Dawno już bardzo tu nic nie pisałam. Zajęta jestem  co raz bardziej i odpowiadałoby mi w 100% gdybym tylko znalazła jeszcze czas na xxx.. A akurat w tej dziedzinie klapa aż niemiło. Ale po kolei:
  1. xxx: pomimo że krzyżyki leżą odłogiem to jednak zupełnej plaży nie ma: dostałam potwierdzenie przyjęcia na wystawę w Łodzi wszystkich pięciu moich prac (seria Handmade Houses of Provence). A w środę dostałam już zaproszenie na otwarcie wystawy 12 czerwca. I jadę OFCORS. Jak się da to zabiorę towarzystwo na otwarcie, a co
  2. dom: wykończyłam kuchnię!!!! Mam wreszcie zamontowany okap i parapet!!!  I choć długo to trwało, nie spowodowało specjalnego spadku satysfakcji z korzystania z kuchni. Jednak brak parapetu i okapu od września ubiegłego roku dawał mi się już potężnie we znaki. Wreszcie udało się zamówić kamień, zmotywować Specjalistę od Montażu Parapetów (Tata mojego Pana) i parapet pięknie spełnia swoje zadanie. Wczoraj było przedostatnie szlifowanie gipsu,  jeszcze jedno małe szlifowanie na powierzchni 10 cm2 i będzie finał. Okap był nieco bardziej kłopotliwy…. Zamówiony stał sobie chyba dwa tygodnie w dużym pokoju i czekał na Specjalistę. Ale pech chciał że odkryliśmy uszkodzenie w siłowniku w szafce i złożyłam reklamację na okucie. Wiązało się to z wizytą montażysty kuchennego. I od ręki zamontował mi ostatnie urządzenie J. Oczywiście okap jest to droga atrapa ‘wyciągacza’. Nie omieszkałam sprawdzić skuteczności działania. Niestety, sprawdza się na około 10% czyli nie wiele (pomimo tego że wyciąg poprowadzony jest aż do komina…) Pomimo tego iż nie działa jak trzeba, kuchnia teraz jest wykończona. I to mnie cieszy
  3. Szkoła: kończę Podyplomówkę i po nocach i rankach pisuję pracę końcową. Został jeszcze jeden rozdział....

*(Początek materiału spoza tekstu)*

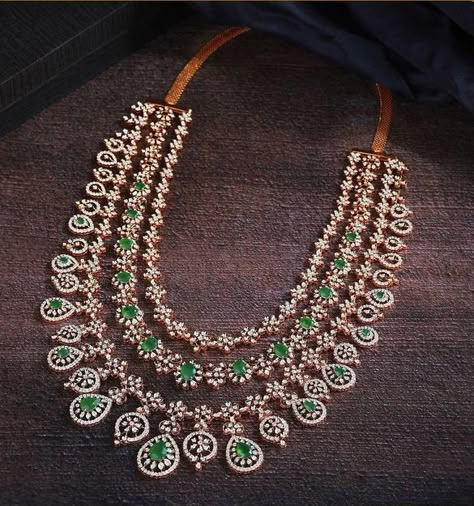 Latest Diamond Haram Designs, Latest Diamond Necklace Designs, Diamond Long Haram, Jewellery Design Gold, Diamond Haram, Latest Gold Jewellery, Silver Necklace Designs, Bridal Diamond Necklace, Bridal Necklace Designs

  4. Praca: hmm.. pracuję po 10-11 godzin dziennie i nie udaje mi się wszystkiego obrobić  Mam opornych partnerów w projekcie i cała praca jest dodatkowo okupiona potężnym stresem wywołanym odgórnymi naciskami i całkowitym oporem Kontrahentów .... Ale co tam.

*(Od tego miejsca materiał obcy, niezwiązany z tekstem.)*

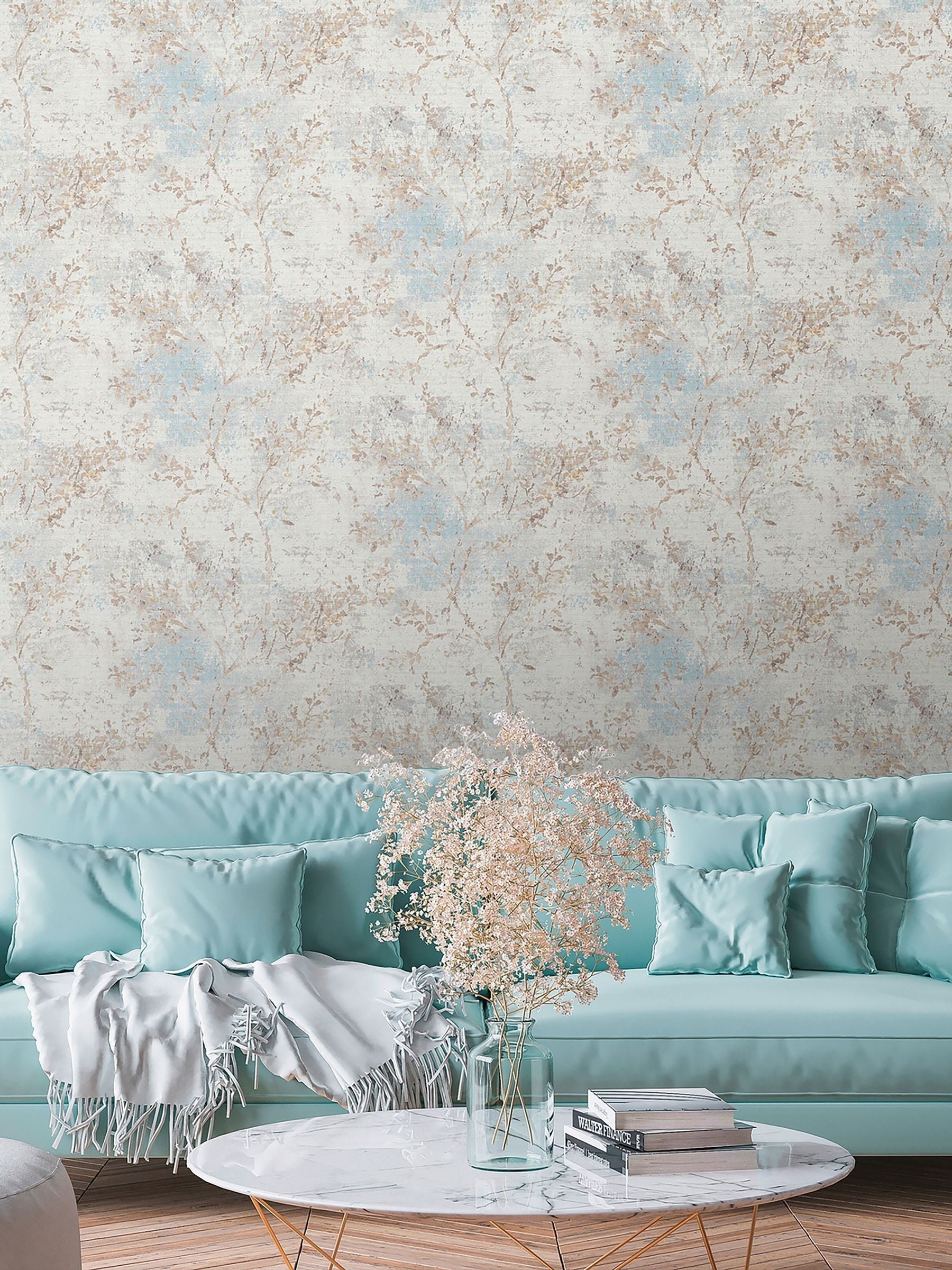 Galerie beige Welcome Home Tree Leaf wallpaper sample A4, UK version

  5. i ostatnie, HIT: działka! Zdecydowaliśmy się z moim Panem zrobić użytek z działki mojej Mamy. Około 1,5 h jazdy samochodem od Warszawy Mama posiada działkę, nad przepięknym czystym jeziorem, pod lasem. W ciągu miesiąca byliśmy tam trzy razy: wykarczowaliśmy już wszystkie drzewa „chwasty” czyli osiki. Również w miejscu gdzie spodziewamy się że będzie stał domek letniskowy. Szukamy wykonawcy ogrodzenia i poczyniliśmy pierwsze kroki aby uzyskać pozwolenie na budowę domku. Będzie piękny, drewniany, z kominkiem i OGROMNYM tarasem! Tylko 100 metrów od kryształowo czystego jeziora. Projekt wybrany, musimy wprowadzić kilka zmian i zakupić go. Pracujemy dalej nad działeczką i domkiem. A leżąc w łóżku wieczorami marzę przed snem o weekendowych wypadach na zieloną działkę, gdzie hasają wiewiórki i sójki....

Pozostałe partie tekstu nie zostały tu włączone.